Full suite: `scripts/run_tests.sh tests/hermes_cli/` → 5646 passed, 0 failed.

Fixes #33788.
---
 hermes_cli/main.py                            | 138 +++++++++++++++---
 tests/hermes_cli/test_cmd_update.py           |  26 +++-
 .../hermes_cli/test_run_with_idle_timeout.py  |  67 +++++++++
 tests/hermes_cli/test_web_ui_build.py         |  60 +++++---
 4 files changed, 246 insertions(+), 45 deletions(-)
 create mode 100644 tests/hermes_cli/test_run_with_idle_timeout.py

diff --git a/hermes_cli/main.py b/hermes_cli/main.py
index 4d9b37db240..4490d59cbd6 100644
--- a/hermes_cli/main.py
+++ b/hermes_cli/main.py
@@ -6509,6 +6509,104 @@ def _web_ui_build_needed(web_dir: Path) -> bool:
     return False
 
 
+def _run_with_idle_timeout(
+    cmd: list[str],
+    cwd: Path,
+    *,
+    idle_timeout_seconds: int = 180,
+    indent: str = "    ",
+) -> subprocess.CompletedProcess:
+    """Run a subprocess that streams output, with an idle-output timeout.
+
+    Issue #33788: ``npm run build`` (Vite) was invoked with
+    ``capture_output=True`` and no timeout. On low-memory hosts (notably
+    WSL2 with the default 4 GB cap) the build can stall or sit silent for
+    minutes; users see a frozen terminal, assume the update is hung, and
+    reboot — leaving the editable install in a half-state with the
+    ``hermes`` launcher present but ``hermes_cli`` not importable.
+
+    This helper fixes both halves: stdout is streamed (so the user sees
+    progress), and if no bytes have appeared on stdout/stderr for
+    ``idle_timeout_seconds``, the process is terminated and the call
+    returns with a non-zero ``returncode``. The caller's existing
+    stale-dist fallback (#23817) takes over from there.
+
+    Returns a ``CompletedProcess`` with merged stdout (text), empty
+    stderr, and an integer returncode. Never raises on idle timeout —
+    propagation of failure is via the returncode.
+    """
+    merged_chunks: list[str] = []
+    last_output_ts = _time.monotonic()
+    lock = threading.Lock()
+
+    try:
+        proc = subprocess.Popen(
+            cmd,
+            cwd=cwd,
+            stdout=subprocess.PIPE,
+            stderr=subprocess.STDOUT,
+            text=True,
+            encoding="utf-8",
+            errors="replace",
+            bufsize=1,
+        )
+    except OSError as exc:
+        # E.g. npm not on PATH between the which() check and now.

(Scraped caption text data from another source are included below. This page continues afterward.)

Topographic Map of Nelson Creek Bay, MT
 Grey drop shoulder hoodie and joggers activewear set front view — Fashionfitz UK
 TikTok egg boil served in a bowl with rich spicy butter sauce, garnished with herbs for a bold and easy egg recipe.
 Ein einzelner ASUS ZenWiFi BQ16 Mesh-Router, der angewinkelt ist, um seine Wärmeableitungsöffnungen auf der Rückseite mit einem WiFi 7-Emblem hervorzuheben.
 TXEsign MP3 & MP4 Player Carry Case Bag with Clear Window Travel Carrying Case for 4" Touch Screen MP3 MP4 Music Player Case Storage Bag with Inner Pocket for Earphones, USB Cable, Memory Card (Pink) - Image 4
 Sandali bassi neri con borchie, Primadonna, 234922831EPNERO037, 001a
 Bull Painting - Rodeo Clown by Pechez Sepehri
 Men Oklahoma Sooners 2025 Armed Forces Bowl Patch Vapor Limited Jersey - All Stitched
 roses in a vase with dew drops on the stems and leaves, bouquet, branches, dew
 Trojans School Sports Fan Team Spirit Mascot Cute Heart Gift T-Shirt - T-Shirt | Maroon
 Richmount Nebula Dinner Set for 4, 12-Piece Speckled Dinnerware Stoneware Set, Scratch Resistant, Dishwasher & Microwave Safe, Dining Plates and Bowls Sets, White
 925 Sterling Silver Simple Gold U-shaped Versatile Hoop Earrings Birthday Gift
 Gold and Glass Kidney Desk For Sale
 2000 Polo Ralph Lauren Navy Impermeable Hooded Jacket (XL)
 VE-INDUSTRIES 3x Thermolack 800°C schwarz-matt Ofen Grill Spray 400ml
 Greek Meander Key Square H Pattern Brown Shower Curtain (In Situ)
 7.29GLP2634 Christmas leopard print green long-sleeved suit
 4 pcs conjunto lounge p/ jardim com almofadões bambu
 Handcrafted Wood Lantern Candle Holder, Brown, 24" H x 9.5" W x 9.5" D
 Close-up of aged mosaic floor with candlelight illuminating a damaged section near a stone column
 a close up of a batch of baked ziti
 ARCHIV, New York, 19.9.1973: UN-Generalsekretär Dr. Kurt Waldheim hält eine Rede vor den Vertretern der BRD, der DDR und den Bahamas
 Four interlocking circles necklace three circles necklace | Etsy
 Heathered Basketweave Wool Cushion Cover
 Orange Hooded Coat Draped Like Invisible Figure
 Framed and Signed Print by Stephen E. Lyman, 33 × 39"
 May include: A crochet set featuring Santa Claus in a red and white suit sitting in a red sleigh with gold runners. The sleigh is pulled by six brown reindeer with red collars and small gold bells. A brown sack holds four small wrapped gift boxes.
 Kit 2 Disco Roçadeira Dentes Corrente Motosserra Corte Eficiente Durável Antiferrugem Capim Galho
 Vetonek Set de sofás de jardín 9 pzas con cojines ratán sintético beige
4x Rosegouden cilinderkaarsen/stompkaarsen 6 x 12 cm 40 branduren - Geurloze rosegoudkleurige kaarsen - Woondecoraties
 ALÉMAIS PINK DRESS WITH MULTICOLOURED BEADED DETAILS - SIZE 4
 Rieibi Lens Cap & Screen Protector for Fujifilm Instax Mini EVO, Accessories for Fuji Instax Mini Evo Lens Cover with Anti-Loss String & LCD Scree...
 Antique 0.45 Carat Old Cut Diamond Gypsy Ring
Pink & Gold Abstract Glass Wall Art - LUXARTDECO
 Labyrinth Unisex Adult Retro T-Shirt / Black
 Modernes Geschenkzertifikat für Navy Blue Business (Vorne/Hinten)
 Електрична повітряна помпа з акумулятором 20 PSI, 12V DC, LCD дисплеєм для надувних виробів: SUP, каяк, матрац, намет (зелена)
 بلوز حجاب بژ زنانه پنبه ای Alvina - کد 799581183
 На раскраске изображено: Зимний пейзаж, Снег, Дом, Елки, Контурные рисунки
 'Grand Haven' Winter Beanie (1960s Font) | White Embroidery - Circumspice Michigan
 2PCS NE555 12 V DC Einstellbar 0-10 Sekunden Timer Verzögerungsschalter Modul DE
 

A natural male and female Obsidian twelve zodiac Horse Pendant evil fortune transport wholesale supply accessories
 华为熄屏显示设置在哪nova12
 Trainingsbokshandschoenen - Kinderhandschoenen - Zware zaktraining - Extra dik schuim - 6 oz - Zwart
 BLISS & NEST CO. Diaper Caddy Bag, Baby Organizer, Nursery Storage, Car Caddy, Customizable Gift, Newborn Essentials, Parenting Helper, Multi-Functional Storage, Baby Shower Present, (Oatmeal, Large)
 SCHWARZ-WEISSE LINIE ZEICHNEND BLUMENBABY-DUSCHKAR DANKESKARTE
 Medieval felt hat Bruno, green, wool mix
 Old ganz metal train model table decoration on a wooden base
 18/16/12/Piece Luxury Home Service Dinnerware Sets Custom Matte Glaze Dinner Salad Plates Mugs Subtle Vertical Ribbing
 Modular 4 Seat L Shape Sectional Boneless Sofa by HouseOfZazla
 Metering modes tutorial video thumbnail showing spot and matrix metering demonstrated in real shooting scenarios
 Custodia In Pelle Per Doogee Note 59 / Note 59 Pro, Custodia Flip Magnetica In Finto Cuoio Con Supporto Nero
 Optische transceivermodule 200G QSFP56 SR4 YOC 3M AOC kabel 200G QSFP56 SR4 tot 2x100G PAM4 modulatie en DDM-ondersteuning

+        return subprocess.CompletedProcess(cmd, 127, stdout="", stderr=str(exc))
+
+    def _reader() -> None:
+        nonlocal last_output_ts
+        assert proc.stdout is not None
+        for line in proc.stdout:
+            try:
+                print(f"{indent}{line.rstrip()}", flush=True)
+            except UnicodeEncodeError:
+                # Windows cp1252 fallback — same pattern as _say().
+                enc = getattr(sys.stdout, "encoding", None) or "ascii"
+                safe = line.rstrip().encode(enc, errors="replace").decode(enc, errors="replace")
+                print(f"{indent}{safe}", flush=True)
+            with lock:
+                merged_chunks.append(line)
+                last_output_ts = _time.monotonic()
+
+    reader_thread = threading.Thread(target=_reader, daemon=True)
+    reader_thread.start()
+
+    idle_killed = False
+    while True:
+        try:
+            rc = proc.wait(timeout=5)
+            break
+        except subprocess.TimeoutExpired:
+            with lock:
+                idle = _time.monotonic() - last_output_ts
+            if idle > idle_timeout_seconds:
+                idle_killed = True
+                proc.terminate()
+                try:
+                    rc = proc.wait(timeout=3)
+                except subprocess.TimeoutExpired:
+                    proc.kill()
+                    rc = proc.wait()
+                break
+
+    # Drain reader so we don't leak the stdout file descriptor.
+    reader_thread.join(timeout=2)
+
+    combined = "".join(merged_chunks)
+    if idle_killed:
+        msg = (
+            f"\n  ⚠ Build produced no output for {idle_timeout_seconds}s — terminated.\n"
+            "    Common causes: out-of-memory on a low-RAM host (WSL/container),\n"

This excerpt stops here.